Alternatively, the mounting hole 101 includes a first hole segment, a second hole segment and a third hole segment with gradually increasing radial sizes, a first step surface is provided between the first hole segment and the second hole segment, a second step surface is provided between the second hole segment and the third hole segment, wherein one end of the valve rod 30 is provided with a flange 34 and limited by the first step surface, and the positioning block 40 is axially movably provided at the third hole segment and limited by the second step surface. Through the cooperation of the first step surface and the flange 34, the valve rod 30 can be limited, and the valve rod 30 is prevented from falling out of the mounting hole 101, and in addition, in combination with the foregoing embodiment, when the flange 34 abuts against the first step surface, the valve rod 30 is at the initial position. In addition, through the cooperation of the second step surface and the positioning block 40, the position stability of the positioning block 40 can be realized, so that the valve rod 30 can conveniently drive the positioning block 40, and the stability of the gas valve 100 is improved.

In some embodiments of the utility model, as shown in fig. 2, the end of the valve stem 30 extends out of the mounting bore 101 and is provided with a limit stop 32, the limit stop 32 being used to limit the axial travel of the valve stem 30. The limit retainer ring 32 can be a split retainer ring or other structures, and by arranging the limit retainer ring 32, the maximum stroke of the valve rod 30 can be controlled, and the influence of the transition axial movement of the valve rod 30 on the stability of the gas valve 100 (such as the impact on the valve 70) can be avoided. In addition, with the above embodiment, the stroke control of the downward pressing and upward lifting of the valve rod 30 can be realized by the cooperation of the flange 34 and the limit retainer 32, and the stability of the axial movement of the valve rod 30 is improved.

In addition, the positioning block 40 may be positioned by a limit stop 32.

Referring to fig. 7 and 9, in some embodiments of the present invention, an insertion block 31 is provided on one of the end surface of the stem 30 and the positioning block 40 and an insertion hole 401 is provided on the other, for example, the insertion block 31 may be provided on the end surface of the stem 30 and the insertion hole 401 may be provided on the positioning block 40; the insertion hole 401 may be provided in the end surface of the stem 30, and the insertion block 31 may be provided in the positioning block 40. The insert block 31 is movably inserted into the insert hole 401 in an axial direction so that the valve stem 30 rotates the positioning block 40. By the engagement of the insertion block 31 and the insertion hole 401, it is possible to achieve the engagement of the positioning block 40 with the stem 30 movably in the axial direction and the relative position fixation of the stem 30 and the positioning block 40 in the circumferential direction. The relative position is fixed in the present invention to realize the synchronous rotation of the positioning block 40 and the valve rod 30, and in the actual use process, the positioning block 40 and the valve rod 30 may have a certain circumferential relative movement due to the reasons of assembly precision, etc.

In combination with the foregoing embodiment, the end surface of the valve rod 30 is the foregoing abutting structure.

In some embodiments of the present invention, as shown in fig. 2 and 3, the gas valve 100 further comprises a valve needle 50, the valve needle 50 extending in an axial direction and having one end adapted to abut the valve stem 30, the valve needle 50 being configured for triggering the valve 70. That is, the power of the valve stem 30 is transmitted to the valve 70 through the valve stem 30, thereby facilitating the driving of the valve 70, making it possible to extend the distance between the valve 70 and the valve stem 30, avoiding interference between parts, and reducing the cost involved and the manufacturing cost.

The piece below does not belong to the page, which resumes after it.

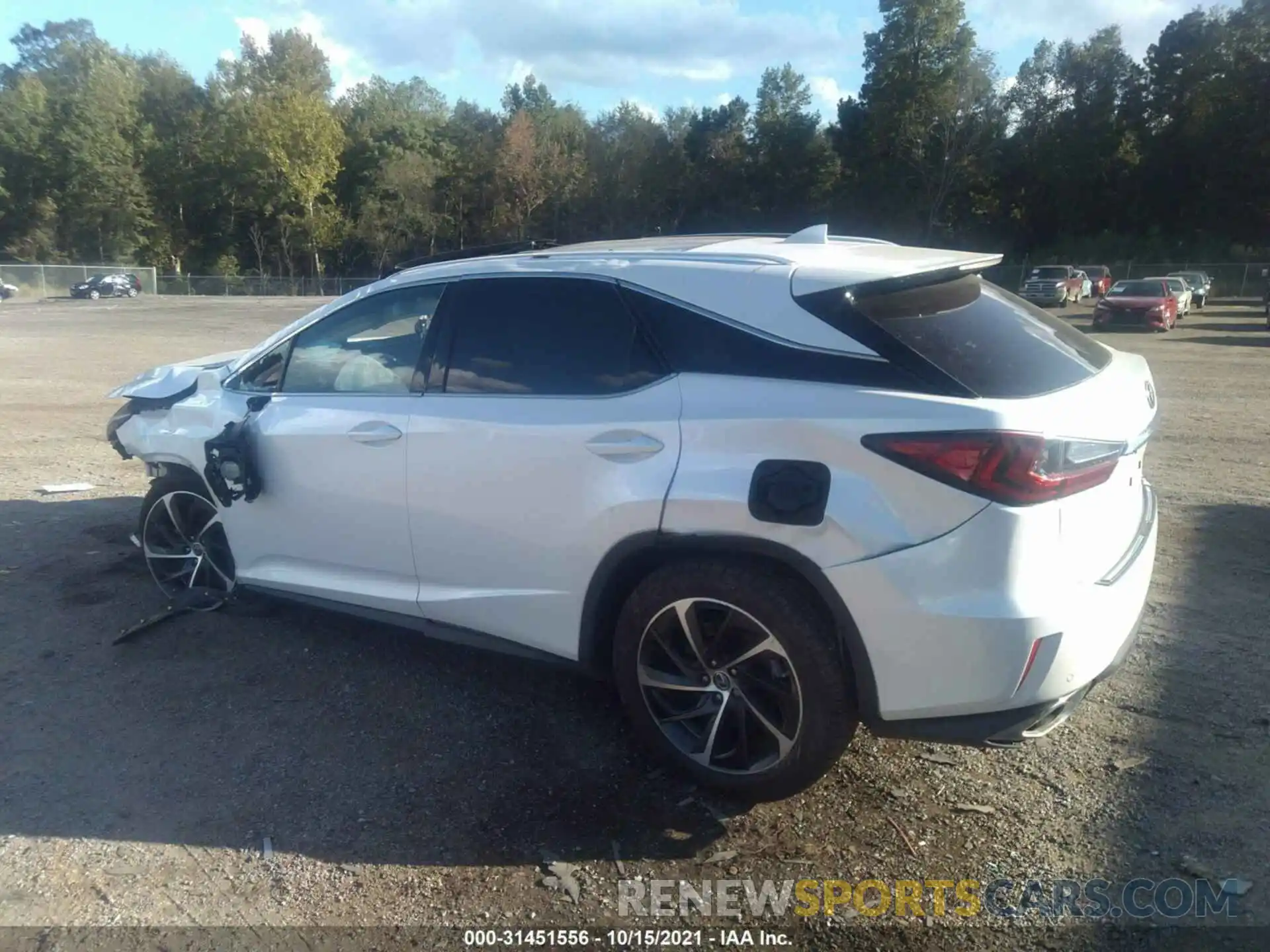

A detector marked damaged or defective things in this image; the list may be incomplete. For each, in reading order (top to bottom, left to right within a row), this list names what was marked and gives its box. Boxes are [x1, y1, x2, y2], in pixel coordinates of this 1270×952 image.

The valve needle 50 and the valve rod 30 in the present invention may be an integral structure or a split structure, and the valve rod 30 and the valve needle 50 may be a fixed structure or a relatively separable structure.

Optionally, the valve needle 50 axially extends through the valve element 20 and the positioning block 40. After the valve rod 30 drives the valve needle 50 to trigger the valve 70, ignition is completed, the valve 70 can be kept in a connected state, and the valve needle 50 can be released by releasing the valve rod 30, so that the stability and the service life of the gas valve 100 are improved.

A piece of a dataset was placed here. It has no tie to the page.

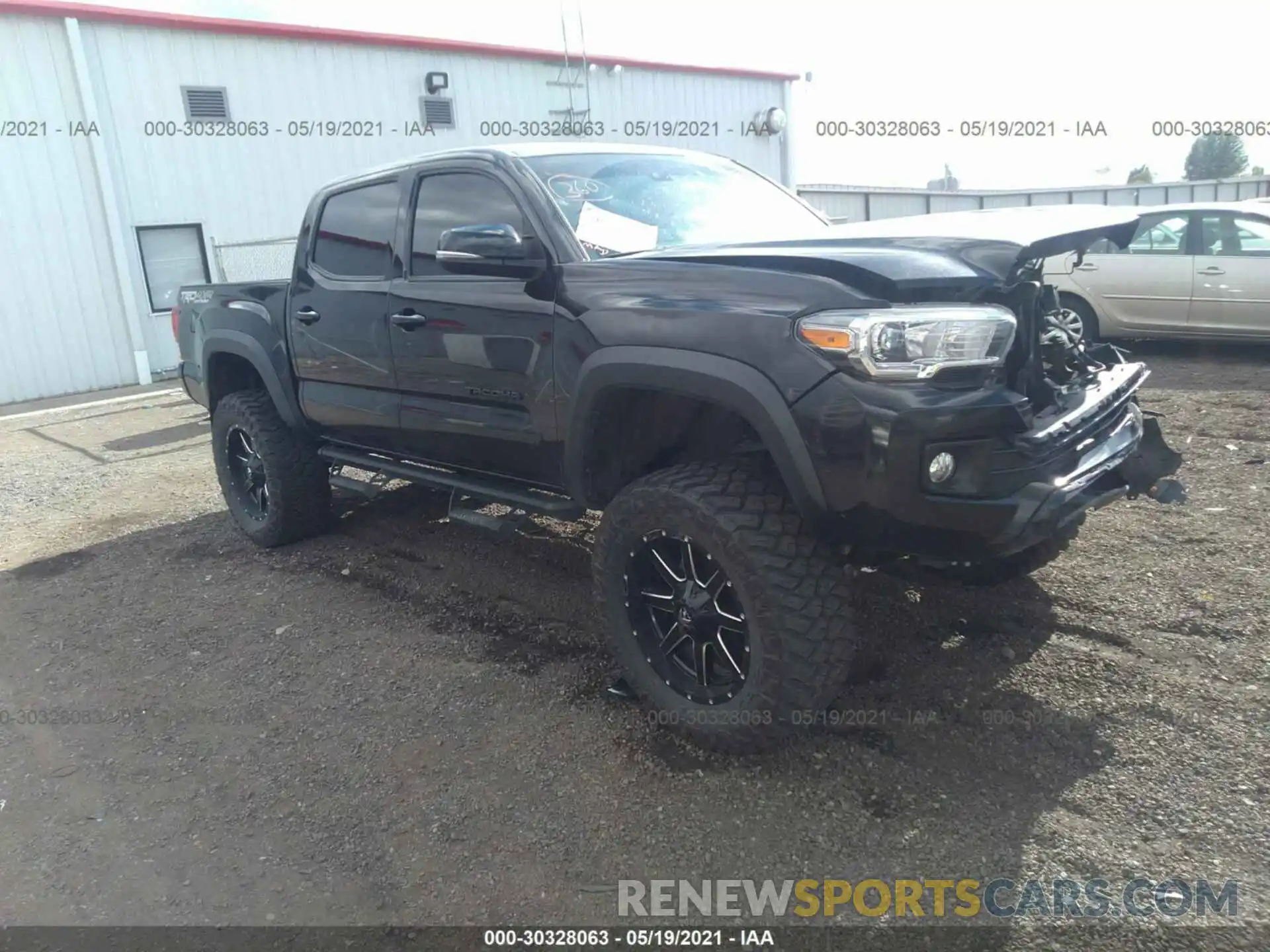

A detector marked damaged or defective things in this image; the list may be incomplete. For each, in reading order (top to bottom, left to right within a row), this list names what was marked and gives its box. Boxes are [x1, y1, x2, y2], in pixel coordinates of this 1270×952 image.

crumpled hood [632, 204, 1143, 287]
broken headlight assembly [799, 303, 1016, 381]
damaged vehicle background [173, 145, 1185, 751]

In addition, based on the structure of the valve 70, the valve 70 generally has a certain resetting capability, when the valve rod 30 is loosened and the valve is turned off, the resetting capability of the valve 70 is transmitted to the valve rod 30, so that the valve rod 30 is reset, and after the valve 70 is closed, even if the opening degree of the valve core 20 is maximum, gas does not leak, so that the resetting structure for the valve rod 30 and the positioning block 40 does not need to be arranged. Certainly, in order to improve the safety, stability, operation feel and the like, the utility model is also provided with a reset structure, and the reset of the valve rod 30 and the positioning block 40 is realized through the reset structure.

Referring to fig. 2 and 3, in some embodiments of the present invention, the gas valve 100 further includes a reset structure configured to reset the valve stem 30 to the initial position and the positioning block 40 to the lock position. Through the reset structure, the valve rod 30 and the positioning block 40 can be reset quickly, so that the valve rod is convenient to use.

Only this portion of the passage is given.